KratosMultiphysics / Kratos

Kratos Multiphysics (A.K.A Kratos) is a framework for building parallel multi-disciplinary simulation software. Modularity, extensibility and HPC are the main objectives. Kratos has BSD license and is written in C++ with extensive Python interface.
https://kratosmultiphysics.github.io/Kratos/
Other
1.01k stars 244 forks source link

[HDF5] Replace Raw MPI Calls #10728

Closed matekelemen closed 1 year ago

matekelemen commented 1 year ago

Description

The HDF5Application has to do MPI synchronization in its internals (obviously), but the C++ side always invokes raw MPI calls on MPI_COMM_WORLD instead of relying on DataCommunicator. This will lead to hangs and other unwanted behaviour if proper MPI communication (with subcommunicators) ever gets implemeted in core.

This is not an urgent problem and I definitely don't have time to do it because it involves extensive changes to the HDF5Application, but it will have to be taken care of sooner or later.

ToDo

philbucher commented 1 year ago

subcomms are available for years, they are just rarely used (in fact I think I was the only one really using it so far)

Most apps support this already, the HdfApp is one of the last ones that need quite some work I.e. it needs to be split into base app and MPI-extension. Then the usage of the datacomm will kinda come naturally

For now the hdfApp is not usable with MPI_Comms != MPI_COMM_WORLD, which is not a common usecase (I used it for a huge FSI simulation where the Structure was using less MPI cores than the fluid)

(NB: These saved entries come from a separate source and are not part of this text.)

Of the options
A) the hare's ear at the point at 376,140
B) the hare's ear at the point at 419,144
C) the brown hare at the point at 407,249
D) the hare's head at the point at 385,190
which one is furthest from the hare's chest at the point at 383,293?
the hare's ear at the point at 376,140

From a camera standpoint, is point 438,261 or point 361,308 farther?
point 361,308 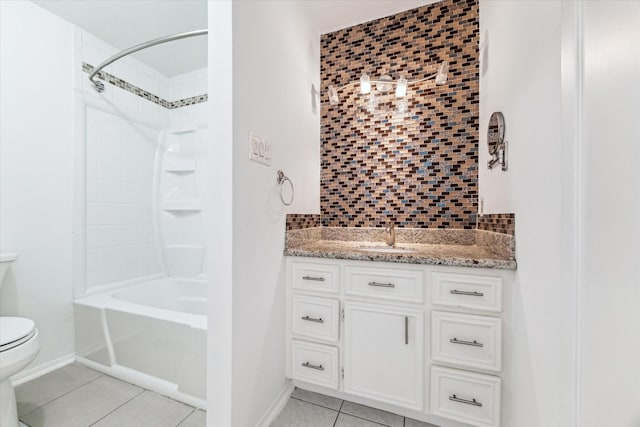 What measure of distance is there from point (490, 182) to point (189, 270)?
2.66m

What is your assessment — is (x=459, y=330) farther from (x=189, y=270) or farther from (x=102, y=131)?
(x=102, y=131)

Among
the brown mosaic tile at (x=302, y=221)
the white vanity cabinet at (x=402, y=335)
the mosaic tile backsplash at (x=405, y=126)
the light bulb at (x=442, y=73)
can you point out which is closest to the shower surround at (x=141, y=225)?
the white vanity cabinet at (x=402, y=335)

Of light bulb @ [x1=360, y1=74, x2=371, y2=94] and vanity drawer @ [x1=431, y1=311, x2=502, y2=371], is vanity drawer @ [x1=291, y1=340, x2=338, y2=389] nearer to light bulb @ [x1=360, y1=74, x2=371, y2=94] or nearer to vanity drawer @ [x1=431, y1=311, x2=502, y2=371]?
vanity drawer @ [x1=431, y1=311, x2=502, y2=371]

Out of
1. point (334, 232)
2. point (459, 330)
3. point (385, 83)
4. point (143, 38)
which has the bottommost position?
point (459, 330)

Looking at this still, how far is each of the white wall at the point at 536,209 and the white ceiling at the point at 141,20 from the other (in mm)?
1930

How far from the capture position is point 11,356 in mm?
1100

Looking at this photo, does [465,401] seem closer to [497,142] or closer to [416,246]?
[416,246]

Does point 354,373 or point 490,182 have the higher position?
point 490,182

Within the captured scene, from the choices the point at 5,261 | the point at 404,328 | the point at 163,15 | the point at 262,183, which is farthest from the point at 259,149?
the point at 5,261

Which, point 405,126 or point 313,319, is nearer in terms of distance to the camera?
point 313,319

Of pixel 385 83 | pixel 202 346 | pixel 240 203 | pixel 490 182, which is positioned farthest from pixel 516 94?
pixel 202 346

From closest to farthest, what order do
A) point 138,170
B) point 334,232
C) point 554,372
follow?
point 554,372 < point 334,232 < point 138,170

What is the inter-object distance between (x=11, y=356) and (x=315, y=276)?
1390mm

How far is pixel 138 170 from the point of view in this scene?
2459 mm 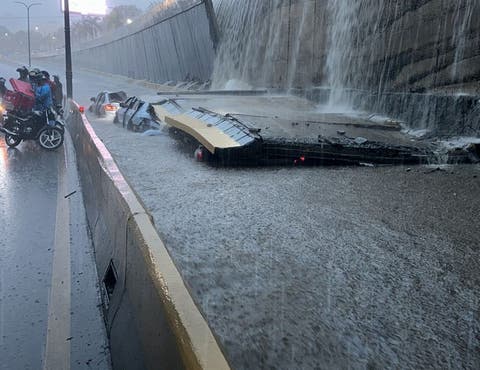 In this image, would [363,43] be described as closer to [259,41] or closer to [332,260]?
[259,41]

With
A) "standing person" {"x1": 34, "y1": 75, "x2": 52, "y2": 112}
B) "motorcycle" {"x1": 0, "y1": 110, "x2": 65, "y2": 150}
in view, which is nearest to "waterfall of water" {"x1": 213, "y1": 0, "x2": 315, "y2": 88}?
"standing person" {"x1": 34, "y1": 75, "x2": 52, "y2": 112}

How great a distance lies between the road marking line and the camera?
3461 millimetres

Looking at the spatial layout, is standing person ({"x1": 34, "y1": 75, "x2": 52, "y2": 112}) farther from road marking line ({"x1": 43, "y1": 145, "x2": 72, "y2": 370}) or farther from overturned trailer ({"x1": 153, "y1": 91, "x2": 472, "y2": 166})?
road marking line ({"x1": 43, "y1": 145, "x2": 72, "y2": 370})

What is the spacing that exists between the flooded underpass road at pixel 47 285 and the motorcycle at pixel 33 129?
4.11 meters

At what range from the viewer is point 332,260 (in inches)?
171

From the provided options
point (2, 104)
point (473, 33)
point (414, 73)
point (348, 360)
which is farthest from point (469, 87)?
point (2, 104)

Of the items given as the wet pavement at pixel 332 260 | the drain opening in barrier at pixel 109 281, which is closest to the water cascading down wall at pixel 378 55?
the wet pavement at pixel 332 260

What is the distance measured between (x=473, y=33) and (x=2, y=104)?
10.7 metres

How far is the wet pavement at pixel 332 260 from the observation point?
3021 mm

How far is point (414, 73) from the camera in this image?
11211 mm

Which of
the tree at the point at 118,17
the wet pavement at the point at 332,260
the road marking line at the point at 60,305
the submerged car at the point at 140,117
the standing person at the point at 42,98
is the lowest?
the road marking line at the point at 60,305

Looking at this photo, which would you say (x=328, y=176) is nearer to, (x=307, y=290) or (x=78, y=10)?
(x=307, y=290)

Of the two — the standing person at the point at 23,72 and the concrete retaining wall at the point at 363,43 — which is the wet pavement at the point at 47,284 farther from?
the standing person at the point at 23,72

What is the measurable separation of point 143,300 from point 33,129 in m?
10.6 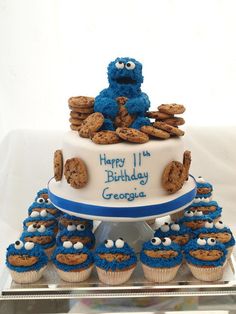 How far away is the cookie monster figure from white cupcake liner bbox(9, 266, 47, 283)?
0.52m

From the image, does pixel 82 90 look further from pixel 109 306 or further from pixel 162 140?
pixel 109 306

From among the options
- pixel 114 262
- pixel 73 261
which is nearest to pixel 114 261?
pixel 114 262

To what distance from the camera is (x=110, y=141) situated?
5.53 feet

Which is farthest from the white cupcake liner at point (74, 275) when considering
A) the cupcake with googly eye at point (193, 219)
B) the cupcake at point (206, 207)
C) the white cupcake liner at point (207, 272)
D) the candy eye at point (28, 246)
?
the cupcake at point (206, 207)

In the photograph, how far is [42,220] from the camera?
199 centimetres

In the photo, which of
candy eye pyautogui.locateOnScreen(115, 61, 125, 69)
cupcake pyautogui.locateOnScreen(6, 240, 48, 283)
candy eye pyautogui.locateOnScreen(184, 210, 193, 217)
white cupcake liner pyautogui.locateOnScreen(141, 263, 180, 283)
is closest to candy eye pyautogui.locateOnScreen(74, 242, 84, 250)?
cupcake pyautogui.locateOnScreen(6, 240, 48, 283)

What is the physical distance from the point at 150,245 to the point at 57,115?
1433mm

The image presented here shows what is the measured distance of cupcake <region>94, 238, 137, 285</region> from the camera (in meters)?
1.65

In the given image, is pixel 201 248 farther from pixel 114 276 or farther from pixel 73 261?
pixel 73 261

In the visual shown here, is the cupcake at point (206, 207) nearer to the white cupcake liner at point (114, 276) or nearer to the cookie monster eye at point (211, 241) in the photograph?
the cookie monster eye at point (211, 241)

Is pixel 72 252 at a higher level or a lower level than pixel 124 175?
lower

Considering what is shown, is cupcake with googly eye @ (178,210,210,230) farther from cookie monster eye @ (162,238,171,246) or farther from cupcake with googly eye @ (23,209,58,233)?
cupcake with googly eye @ (23,209,58,233)

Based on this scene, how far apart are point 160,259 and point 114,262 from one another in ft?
0.49

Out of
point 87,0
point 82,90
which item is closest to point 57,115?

matekelemen commented 1 year ago

subcomms are available for years, they are just rarely used

I had no idea, thanks for letting me know!

the HdfApp is one of the last ones that need quite some work I.e. it needs to be split into base app and MPI-extension.

Why does it need separation? Is it to make MPI libraries optional when compiling?

philbucher commented 1 year ago

Why does it need separation? Is it to make MPI libraries optional when compiling?

imagine you compile with MPI support. I.e. mpi is now a hard dependency, even if you run in serial. Now you deploy on a system that does not have the MPI libs available, then it will crash

The Altair guys have had this issue afaik.

Thats the reason MPI is handled in the core the way it is currently done

mpentek commented 1 year ago

We talked with @philbucher. One very relevant use-case: CoSim, for example CFD + CSD. Typically, CFD will run on M number of MPI processes, CSD could run on N (<M) number of processes. That would be a balanced use of parallel computing resources. Correspondingly, one would like to trigger H5 output from CFD on M cores, H5 output from CSD on N cores. This is not possible, as currently the simulation hangs.

@matekelemen @sunethwarna this could be relevant for Multiphysics with CoSim in the future, if not already.

I understand it is linked to #11473

sunethwarna commented 1 year ago

@mpentek As you mentioned, this is planned to be finished with the chain of PRs starting with #11473.

philbucher commented 1 year ago

@mpentek can you give it a try? From what I can see, the necessary updates to hdf were made

thanks @sunethwarna !

sunethwarna commented 1 year ago

But @mpentek has to wait because the python side is still using the default communicator. That is yet to be updated. :/